We are running VMware vSphere 4 ESXi on Sun X6450 blades with the Intel six core dunnington processors, boot from Compact Flash, iSCSI storage, 10GbE, and 92GB of RAM. The blades run fine for 10 to 30 days before completely locking up. There is no PSOD. No indication of any log that something has gone wrong. The machine simply stops responding. The issue is intermittant and apparently random. We can't find any correlation to the problem except the hardware. We are running on X6250 blades with similar configuration as well with no problem. Also, we see the problem when there is high load, when there is moderate load, and when there is no load. We have even seen it in blades which have ESXi in maintenance mode.
Has anyone seen a similar problem? If so, what is your config?
I've seen this same issue brought up in the forums before. Turns out it was iSCSI SAN related.
Here is a related link: http://communities.vmware.com/thread/213710
The other articles I read mentioned time outs, rebooting the SAN without taking VMs offline, and other issues.
That link looks similar, but not the same. The post you refer to says that the server is temporarily hanging. In our case, the server is completely locked up and doesn't free up again. Also, the post refers to some indicators prior to the lock up and in the logs to help guide troubleshooting. We have none of that. As we are running other blades in the exact same storage configuration without the problem, I find it highly unlikely that iSCSI is related, however, we have ruled nothing out at this time.
I have exactly the same Symptoms, our config is 4 Blade6000 with 6 to 7
X6450 each, 2 ST6140 with 2 to 3 jbods each. We use 2 NEM (X4250A) on
each Blade and for each X6450 a dual ports FC card.
The only common point with my config is the X6450 module.
We upgraded all modules to vSphere U1, but this lockup persist.
Have you found a solution to this lockup ?
We are experiencing this issue as well with the Sun x6450 blades. Here's our configuration:
2 Sun 6000 Blade Chasses (1 per datacenter)
10 Sun x6450 Blade Modules (6 in one, 4 in the other)
1 4-Port Gigabit Ethernet PCIe card per blade
1 2-Port Gigabit Ethernet + 2-Port FiberChannel PCIe card per blade
VMware ESX 3.5 Update 4, ESX 3.5 Update 5, ESX 4.0, ESX 4.0 Update 1
Description of the issue:
ESX server is marked as Not Responding in vCenter
Console of the server is unresponsive; no errors logged to the console
Network connectivity to the server stops
All virtual machines running on the server are powered onto other hosts (HA host failure response)
Hard reset allows the server to rejoin the cluster
No errors for the lock-up are logged in ESX
No errors are logged in the blade iLOM
No errors are logged in the blade chassis iLOM
Occurs on all 10 blades in both chasses at each datacenter
Have not been able to reliably reproduce the issue
Frequency can be from one day to two months; seemingly random
We have someone at Sun support who may have found a bug with the x6450 and ESX. This has not been confirmed yet.
Sun support has not provided any more information about the potential bug.

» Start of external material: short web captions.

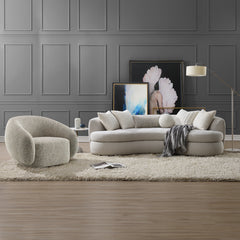 Iniko Beige Sofa W/6 Pillows - Ornate Home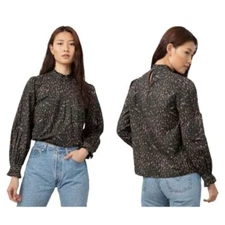 Rails Leopard Print Long Sleeve Blouse High Neck Casual Top
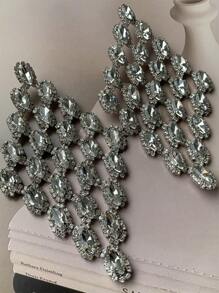 1 đôi bông tai dài hình giọt nước đính đá pha lê phong cách Châu Âu & Mỹ màu bạc, cá nhân hóa & sang trọng & thiết kế độc đáo - Bạc - Xem 9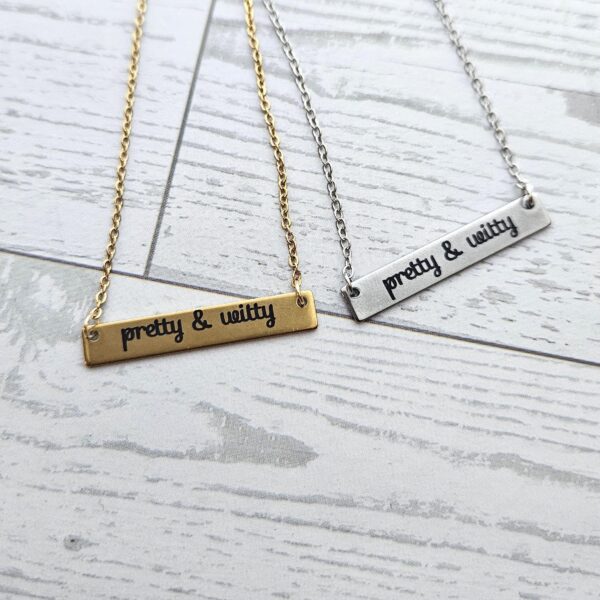 il_fullxfull.7629608211_2dhh-1 Pretty & Witty Necklace • 18K Gold PVD or Satin Stainless Steel • Tarnish-Proof Bar Jewelry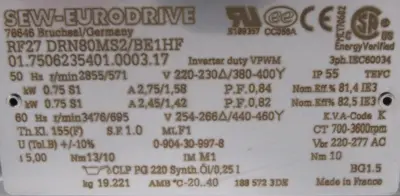 NEW SEW EURODRIVE RF27 DRN80MS2/BE1HF GEARMOTOR RF27DRN80MS2BE1HF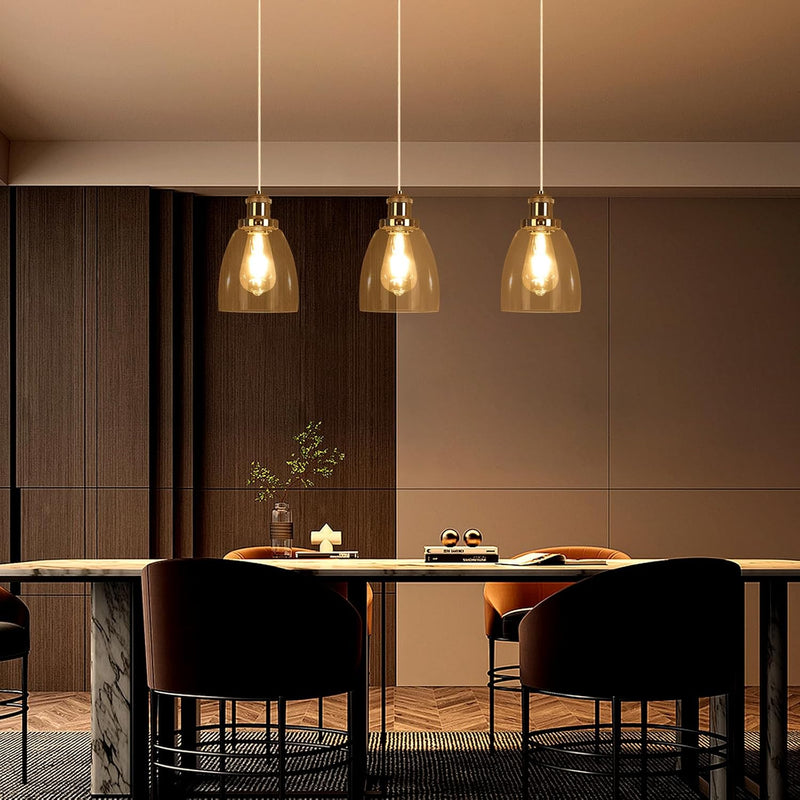 Glass Pendant Light Vintage Industrial with Clear Lampshade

We just noticed that the x6450 blade modules are no longer sold on Oracle's website, which makes resolving this issue moot for us. Even if the issue was resolved, we'd have 10 blades across two chasses that we couldn't expand. Moving all ten x6450 blades to one chassis and putting other blades with potentially different processors in the other chassis would cause issues with Site Recovery Manager. It makes more sense to replace these blades with ones that work than to keep waiting until a blade locks up, generate diagnostic logs, forward those to support, and get the call that the logs don't include any clues as to the cause of the lock-up.

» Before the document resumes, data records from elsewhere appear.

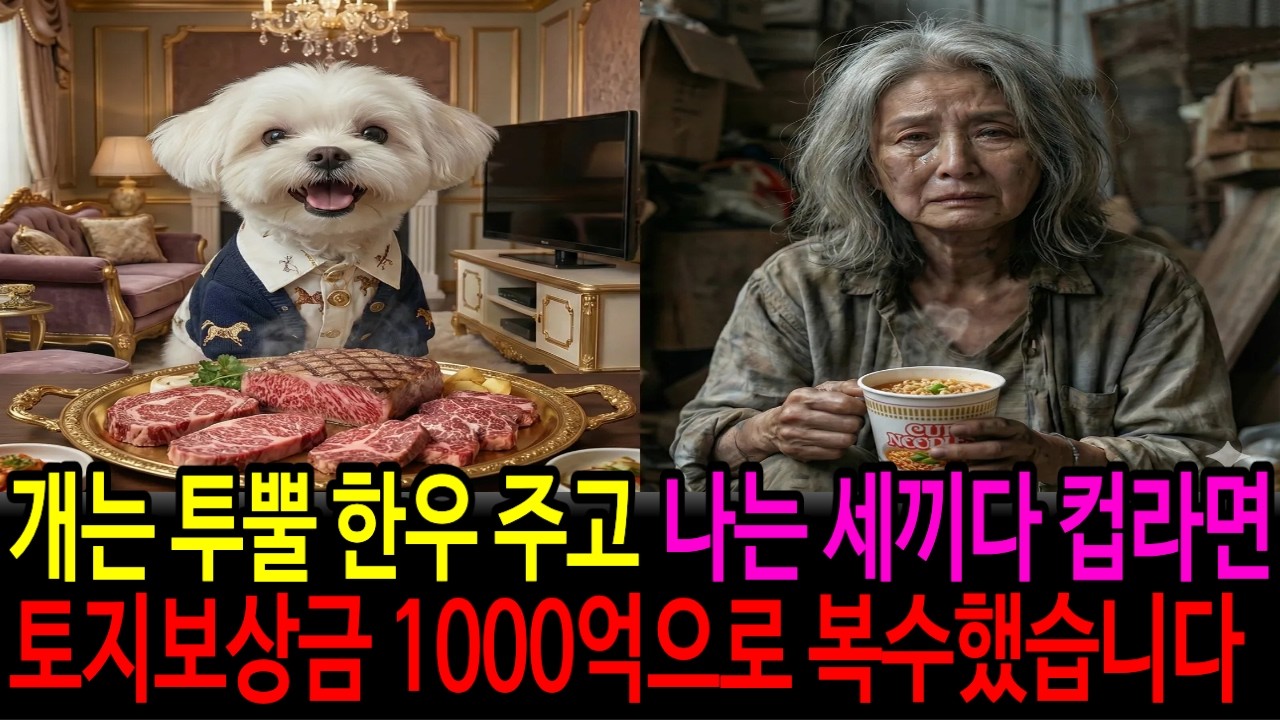 개는 투뿔 한우 주고 시어머니는 하루 세끼 컵라면 주는 며느리, 토지보상금 1000억으로 깔끔하게 참교육 했습니다.  | 시니어사연 | 고부갈등 | 공감사연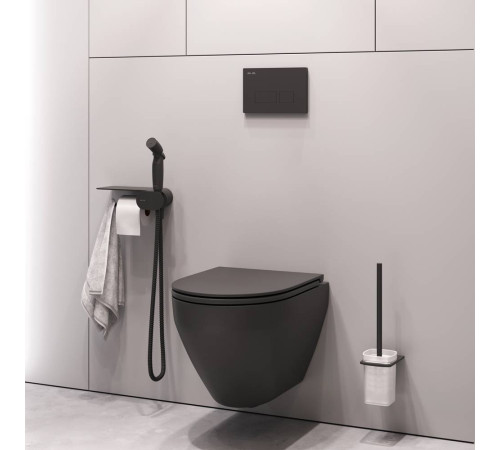 Комплект подвесной унитаз AM.PM FlashClean с гигиеническим душем черный CK70H1103B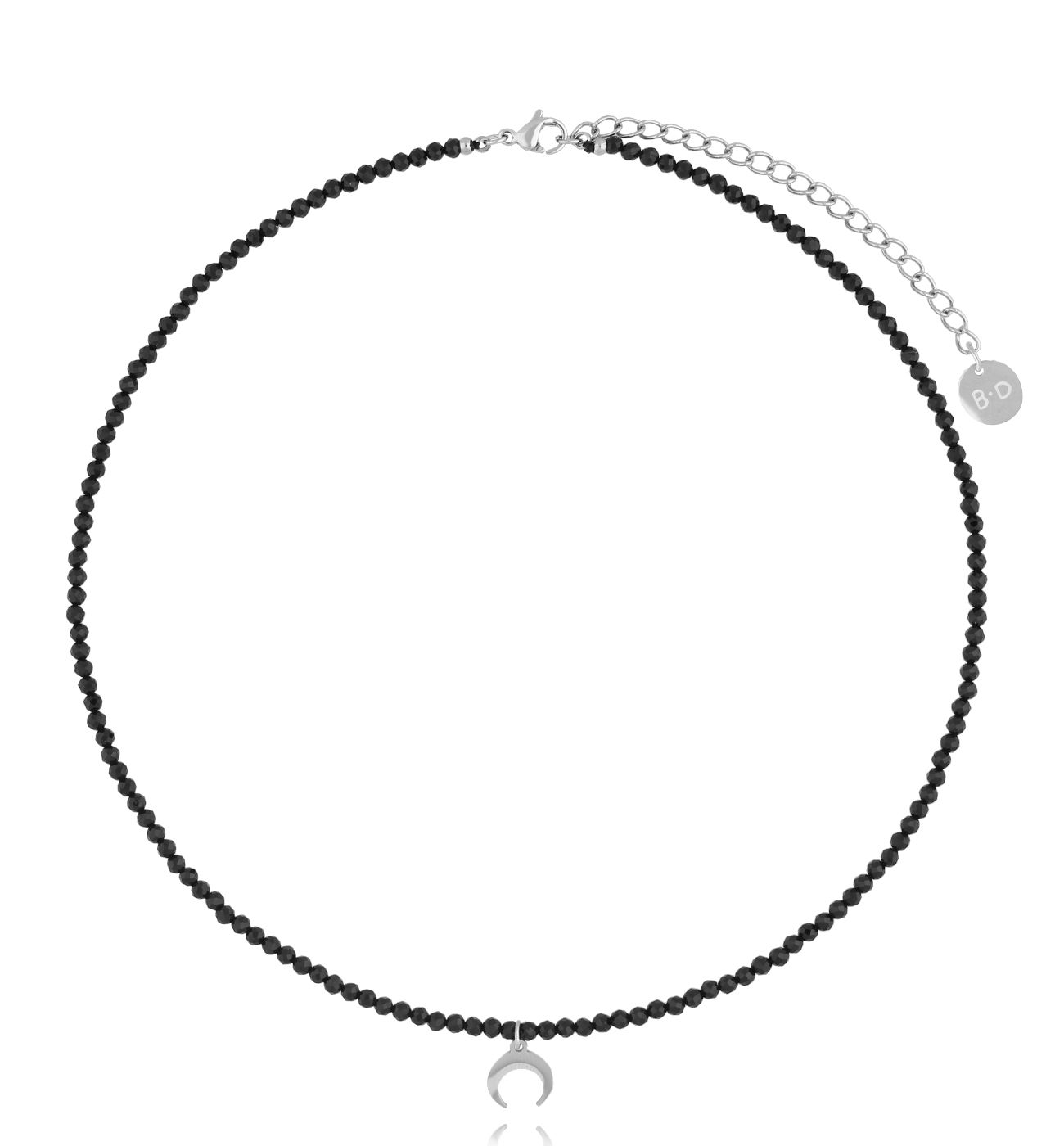 Naszyjnik z czarnymi turmalinami i księżycem Lifestyle NTW1128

We've focused on working with our Sun sales rep. to replace the x6450's with their AMD counterpart, the x6440's. From what I can see, the x6440 is the only 4-socket, six-core blade that's both available for sale and supported by VMware. Of course, the x6450 is supported by VMware, too. We'll see how that goes.
More info on this:
We were able to see that this issue does generate a purple screen error, but only after changing the console's TTY to the vmkernel's diagnostic logging screen (Alt+F12) (see attached screenshot):
CpuSched: VcpuWaitForSwitch: timed out
Looks like it's definitely an issue with the hardware or firmware since this issue occurs on Red Hat and Fedora servers. I guess since ESX is based on Red Hat, there could be a connection.